While the price-to-earnings ratio for the market is high, it is not expensive compared to global equities but that is taken care of by the corporate scorecard in Q2 which was one of the best in three years with aggregate earnings seeing no cuts, the Swiss brokerage Credit Suisse said today without offering a Sensex or Nifty target for 2018.
Consensus forecasts of 22 per cent earnings-per-share (EPS) growth for the market in FY19 may still fall, but should settle in the low teens, Credit Suisse said in its India Market Strategy report.
"The current EPS growth projection is dependent on strong growth for banks, discretionary, energy and materials. We expect cuts to bank earnings lower-than-expected loan growth, margins and likely increase in credit costs and discretionary.
"Therefore, it would be unwise to extrapolate the strong earnings growth trend that we have seen this year," its India equity strategist Neelkanth Mishra told reporters.
Given this macroeconomic backdrop, the brokerage favours energy and metals, state0-run banks and IT sectors.

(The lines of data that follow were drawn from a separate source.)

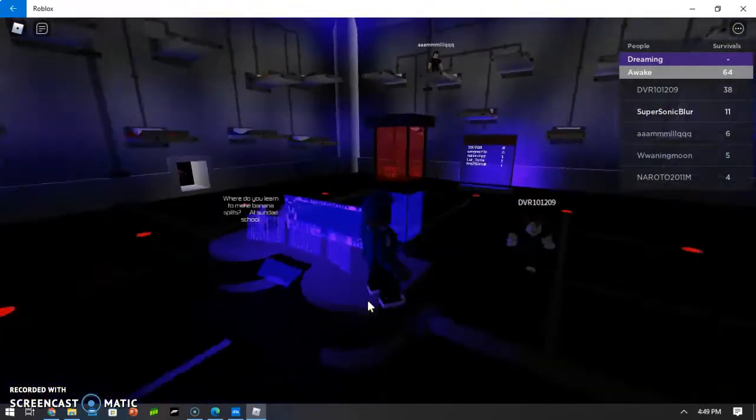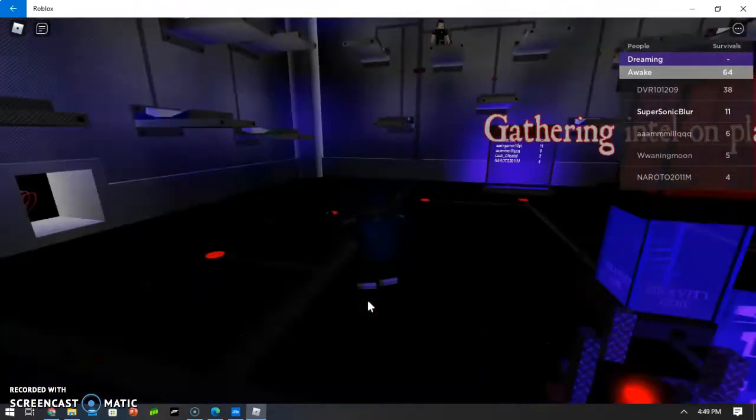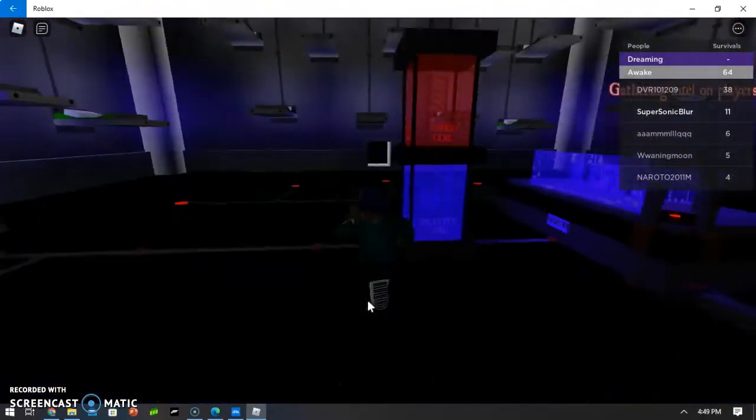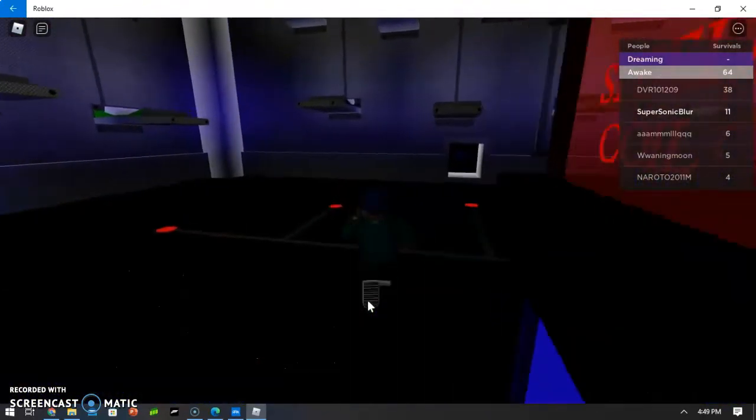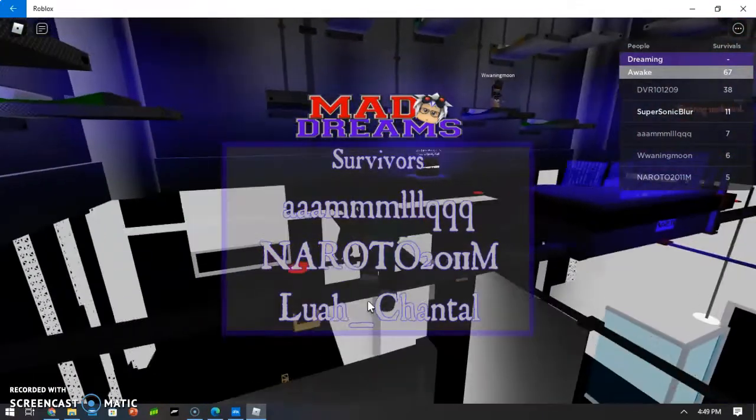Hey guys, it's PD Sonic Blur here, and today we're going to be playing Mad Dream Survival on Roblox.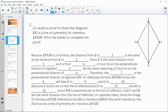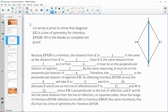Number two: Lynn wrote a proof to show that the diagonal EG is a line of symmetry for this rhombus. Help her fill in the blanks to complete her proof. Because EFGH is a rhombus, all the sides are the same, so E is the same distance from H as it is from F. The distance from E to H is the same as the distance from E to F. Since E is the same distance from H as it is from F, E must lie on the perpendicular bisector of segment HF. If we think about drawing a segment in here, E is on the perpendicular bisector of that segment.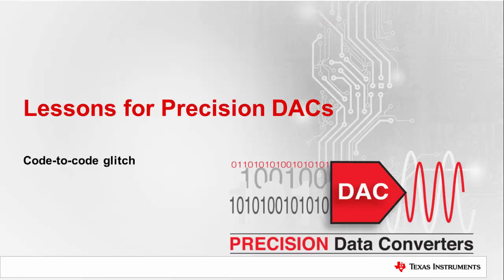Hello, and welcome to our lesson on precision DACs. In this video we will discuss code-to-code glitch and methods of decreasing the glitch effect.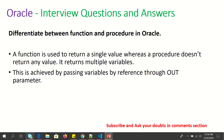Differentiate between function and procedure in Oracle. A function is used to return a single value, whereas a procedure doesn't return any value directly — it returns multiple variables. This is achieved by passing variables by reference throughout the parameter list.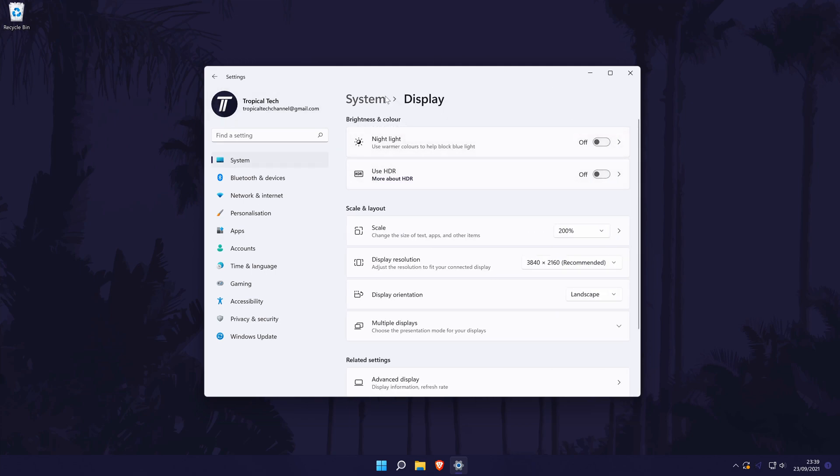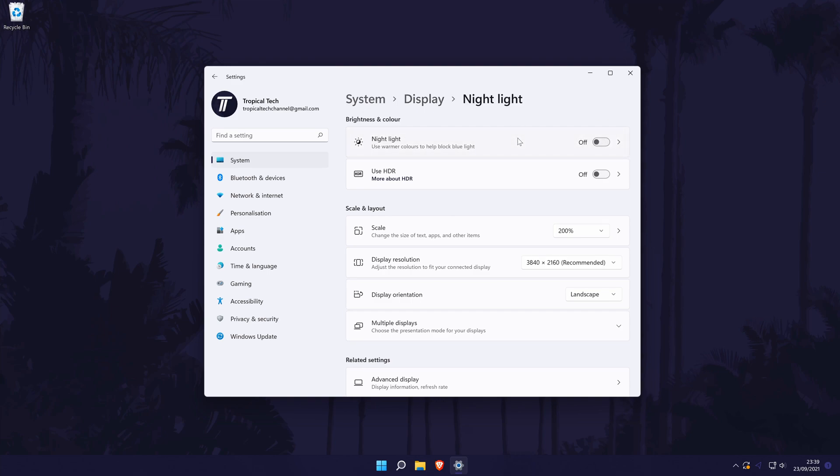We'll now go through each of the settings beginning with the brightness and contrast settings at the top. You might have more or less options than me, but one will be called Night Light which will reduce the blue light emitted by the display when turned on to help reduce eye strain. If you click on it, you should be able to set up when it turns on or off automatically.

"We are more comfortable owning stocks that are likely to benefit from steady global growth, and in particular beneficiaries of the withdrawal of China from export markets in polluting industries. We are therefore overweight on energy and metals.
"Together with the likely write-back of provisions in steel non-performing assets, we also believe the recapitalisation should benefit the stronger state-owned banks, and help drive a re-rating, even if only for 2-3 years," Mishra said.